Activity —
Begin the copy at the line containing "Englands Phil Foden, right, runs" and end it at the final line of the material below, reproducing each line exactly, without images.

Source material —
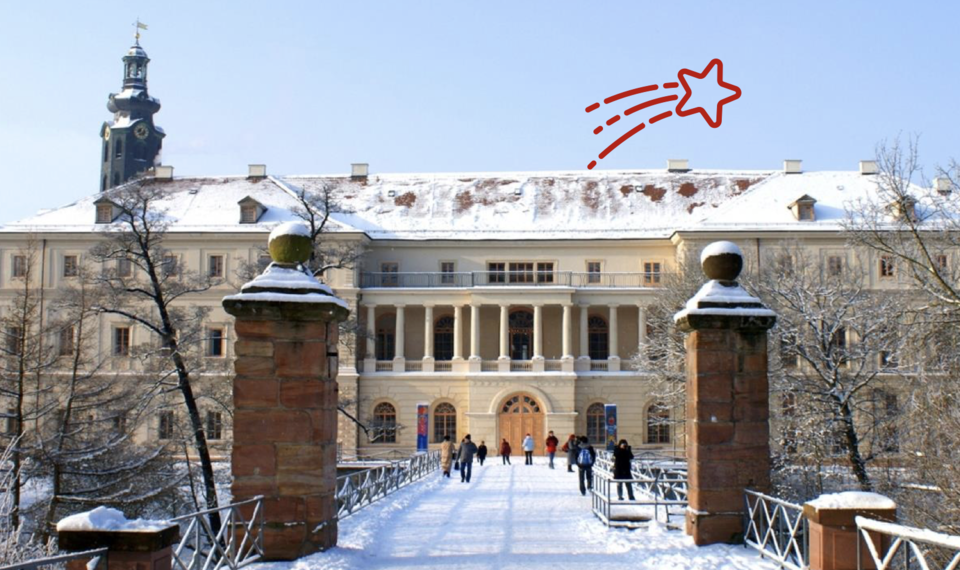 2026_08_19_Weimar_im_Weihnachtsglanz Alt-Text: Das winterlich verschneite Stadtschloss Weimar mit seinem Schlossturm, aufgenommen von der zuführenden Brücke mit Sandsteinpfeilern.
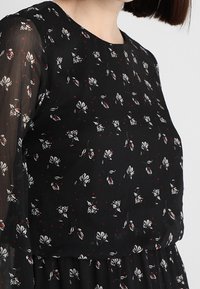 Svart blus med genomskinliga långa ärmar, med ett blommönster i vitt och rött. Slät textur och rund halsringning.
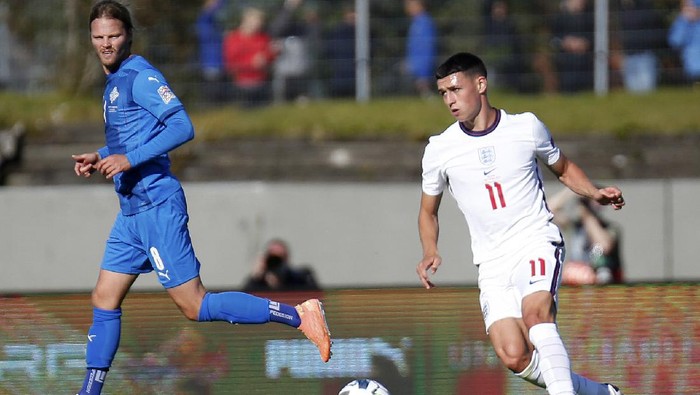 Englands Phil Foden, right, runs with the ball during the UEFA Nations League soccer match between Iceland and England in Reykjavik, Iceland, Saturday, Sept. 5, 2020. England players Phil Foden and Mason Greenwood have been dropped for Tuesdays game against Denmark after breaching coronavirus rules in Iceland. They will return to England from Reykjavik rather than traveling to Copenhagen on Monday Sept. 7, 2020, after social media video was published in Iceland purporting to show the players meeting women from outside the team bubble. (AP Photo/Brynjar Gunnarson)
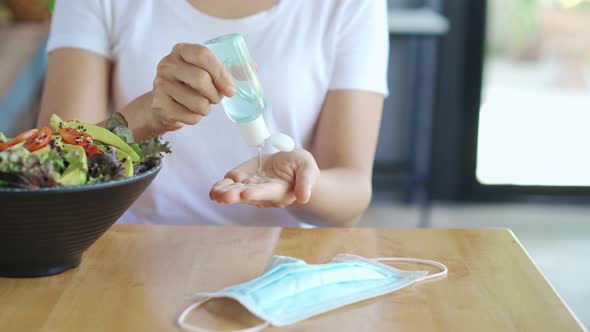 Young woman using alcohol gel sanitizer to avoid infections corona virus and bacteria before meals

Answer section —
 Englands Phil Foden, right, runs with the ball during the UEFA Nations League soccer match between Iceland and England in Reykjavik, Iceland, Saturday, Sept. 5, 2020. England players Phil Foden and Mason Greenwood have been dropped for Tuesdays game against Denmark after breaching coronavirus rules in Iceland. They will return to England from Reykjavik rather than traveling to Copenhagen on Monday Sept. 7, 2020, after social media video was published in Iceland purporting to show the players meeting women from outside the team bubble. (AP Photo/Brynjar Gunnarson)
 Young woman using alcohol gel sanitizer to avoid infections corona virus and bacteria before meals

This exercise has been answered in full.